The apprenticeship ended in 1978 with the release of the extraordinary Wuthering Heights. Inspired by Emily Bronte's novel, Bush had created a hauntingly original piece, complete with an ethereal, almost demented, vocal that brilliantly captured the obsessive love of the novel's heroine, and her namesake, Cathy. It was no surprise when the single rapidly reached number 1 in the UK and established Bush in Europe.

An attendant album, The Kick Inside, recorded over the previous three years, was a further example of her diversity and charm as a songwriter. A follow-up single, The Man With The Child In His Eyes, was typical of her romantic, sensual style of writing, and provided her with another Top 10 success.

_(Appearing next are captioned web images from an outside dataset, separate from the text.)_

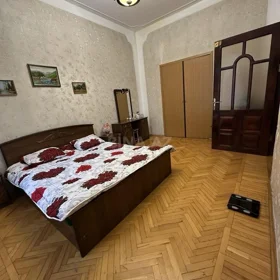 In Baku 92.0 m² apartment is for rent - Image 3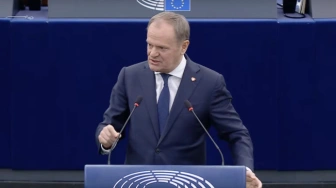 Tusk „się wściekł” w PE. Premier grzmi do opozycji: Zostałem arogancko obrażony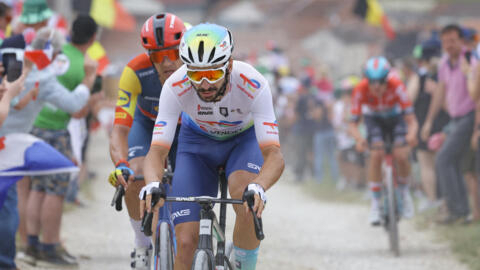 Anthony Turgis, le coureur français de l'équipe TotalEnergies, roule dans une échappée sur le secteur du "Chemin Blanc" de Baroville lors de la 9ème étape de la 111ème édition du Tour de France cycliste, étape de 199 km partant et arrivant à Troyes, le 7 juillet 2024.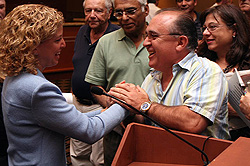 photo, Rep. Wasserman Schultz discussed the benefits of the American Recovery and Reinvestment Act with her constituents at a town hall meeting in Weston, April 2009.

Bush consolidated her position with a new album, Lionheart, and during 1979 undertook her first major tour. The live shows were most notable for her characteristically extravagant mime work and elaborate stage sets. An EP from the show, Kate Bush On Stage, gave her another Top 10 hit.

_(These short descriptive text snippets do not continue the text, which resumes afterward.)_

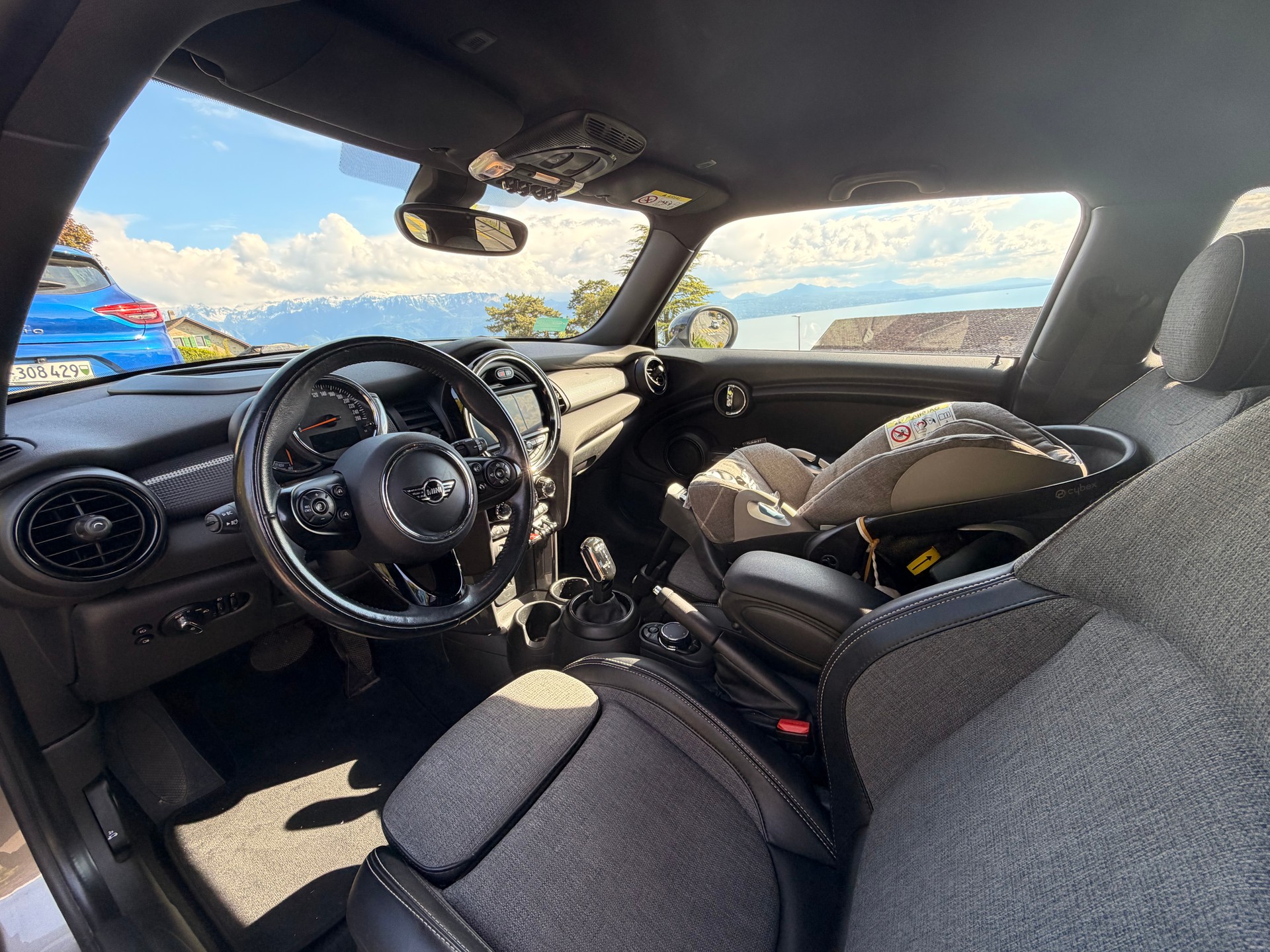 MINI 1.5i Cooper-image-5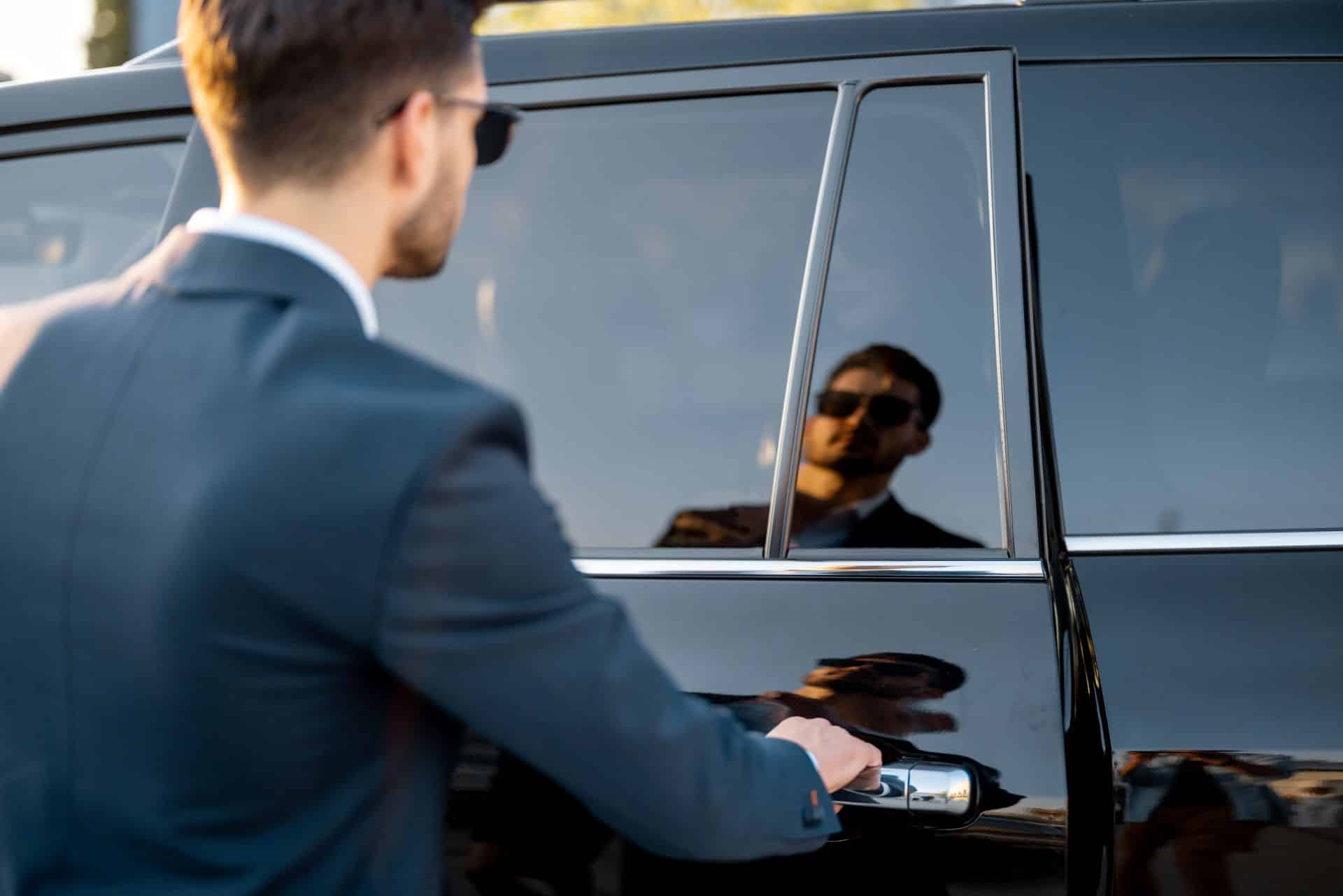 4 Safety Standards You Need to Consider Before Hiring a Limousine Service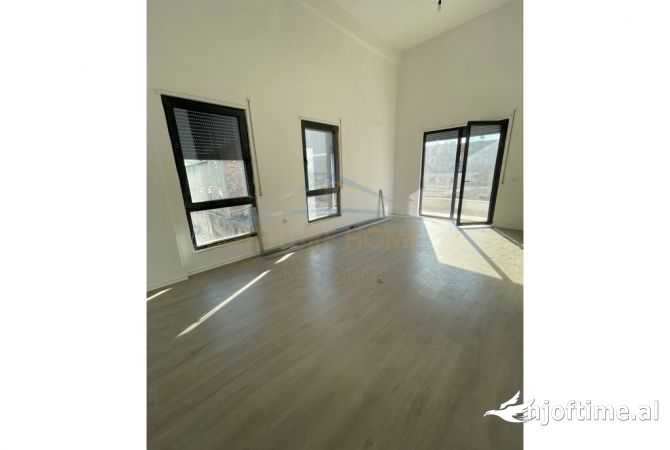 Shtepi ne shitje Apartament ne Tirane, 2+1, Mobilimi Bosh, pa mobiluar, Pagesa 180,000  Euro.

After guesting on Peter Gabriel 's Games Without Frontiers, Bush was back in the charts with Breathing and Babooshka. The latter was her most accomplished work since Wuthering Heights with a clever storyline and strong vocal. Her next album, Never For Ever, entered the UK album charts at number 1 and further hits followed with Army Dreamers and December Will Be Magic.

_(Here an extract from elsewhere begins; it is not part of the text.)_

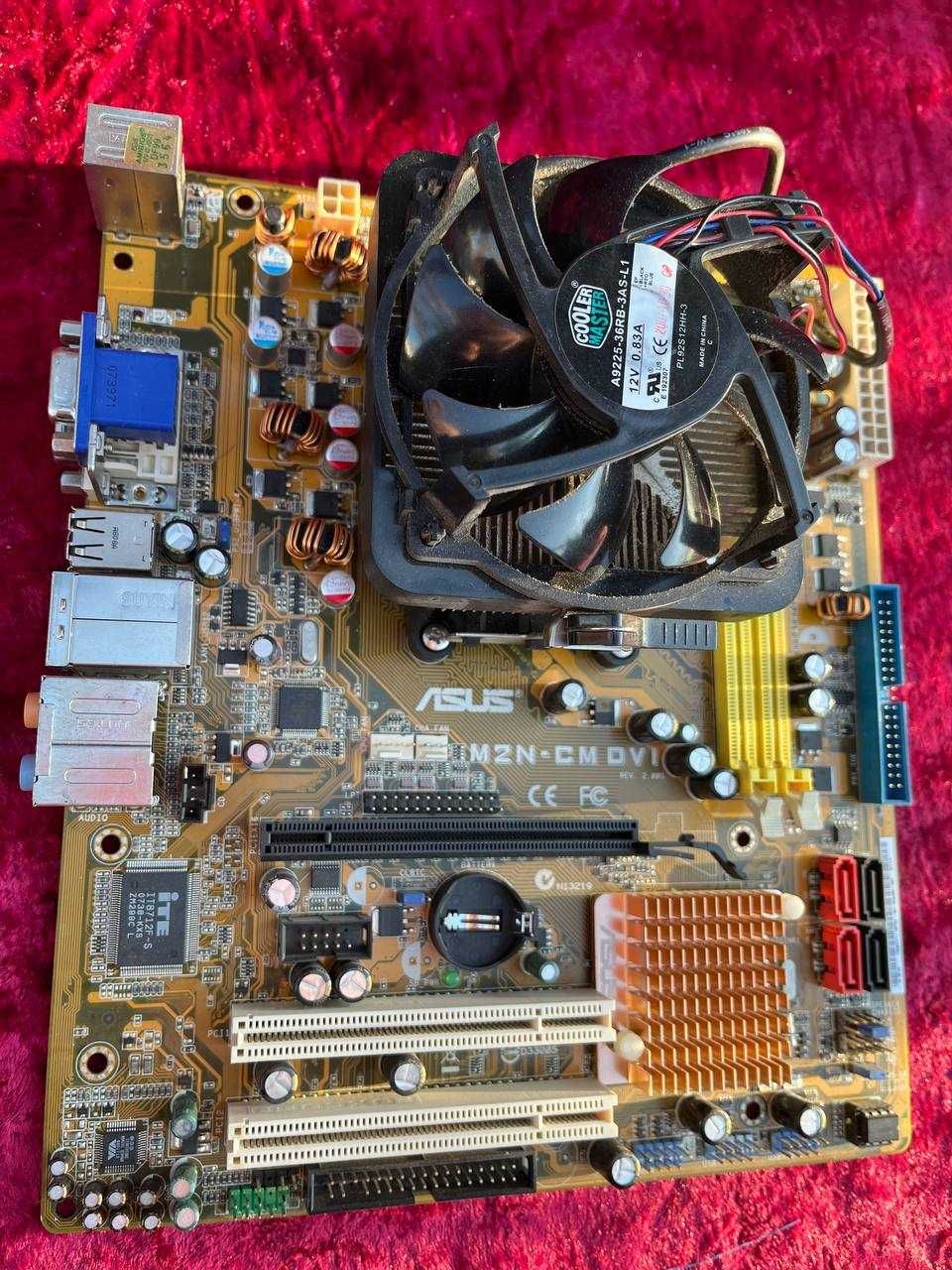 Материнская плата ASUS, работоспособность не проверял.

At this point, Bush was still regarded as a mainstream pop artist whose charm and popularity was likely to prove ephemeral. Her self-produced 1982 album The Dreaming suggested a new direction, with its experimental song structures, even though its less melodic approach alienated some critics. A comparative commercial failure, the album nevertheless proved to be highly influential on other 80s pop musicians, and in particular on Gabriel's increasingly studio-bound work.

A two-year hiatus followed, during which Bush perfected a work that would elevate her to new heights in the pop pantheon. The pilot single, Running Up That Hill, was arguably her greatest work to date, a dense and intriguing composition with a sound uniquely her own. The album Hounds Of Love soon followed and was greeted with an acclaim that dwarfed all her previous accolades and efforts. By any standards, it was an exceptional work and revealed Bush at the zenith of her powers. Songs such as the eerily moving Mother Stands For Comfort and the dramatic Cloudbusting underlined her strengths not only as a writer and singer, but most crucially as a producer. The outstanding video accompanying the latter featured Donald Sutherland. An entire side of the album, titled The Ninth Wave, fused Arthurian legend and Jungian psychology in a musical framework, part orchestral and part folk. After this, Bush could never again be regarded as a quaint pop artist.

Following another brief tie-up with Peter Gabriel on the hit Don't Give Up, Bush took an extended sabbatical to plot a follow-up album. In 1989 she returned with The Sensual World, a startling musical cornucopia in which she experimented with various musical forms, even using a Bulgarian folk troupe. The arrangements were as evocative and unusual as her choice of instrumentation, which included uillean pipes, whips, valiha, celtic harp, tupan and viola. There was even a literary adaptation a la Wuthering Heights, with Bush adapting Molly Bloom's soliloquy from James Joyce's Ulysses for the enticing The Sensual World. The album attracted the keen attention of the high-brow rock press and Bush found herself celebrated as one of the most adventurous and distinctively original artists of her era.

A variety of artists contributed on The Red Shoes including Eric Clapton, Prince, Jeff Beck, Trio Bulgarka and Gary Brooker, but the album was a lesser work that indicated that Bush's standing as an innovative artist may be on the wane in the 90s.